*** SUPPLIED MATERIAL ***

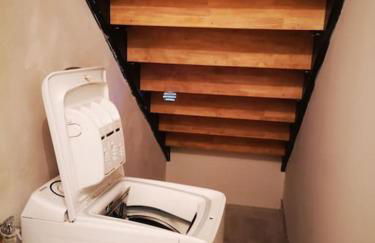 Maison de ville près du port - Foto 10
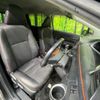 toyota sienta 2018 CFJ1510302 image 8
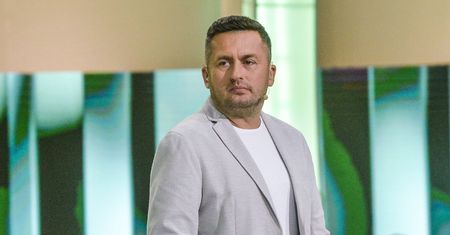 Duża zmiana w ramówce TVP. Od lat nie było podobnej sytuacji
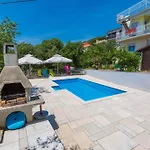 Apartamento 7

*** End of SUPPLIED MATERIAL ***

Write the listing again exactly, duplicating every line and skipping the pictures.

 Maison de ville près du port - Foto 10
 toyota sienta 2018 CFJ1510302 image 8
 Duża zmiana w ramówce TVP. Od lat nie było podobnej sytuacji
 Apartamento 7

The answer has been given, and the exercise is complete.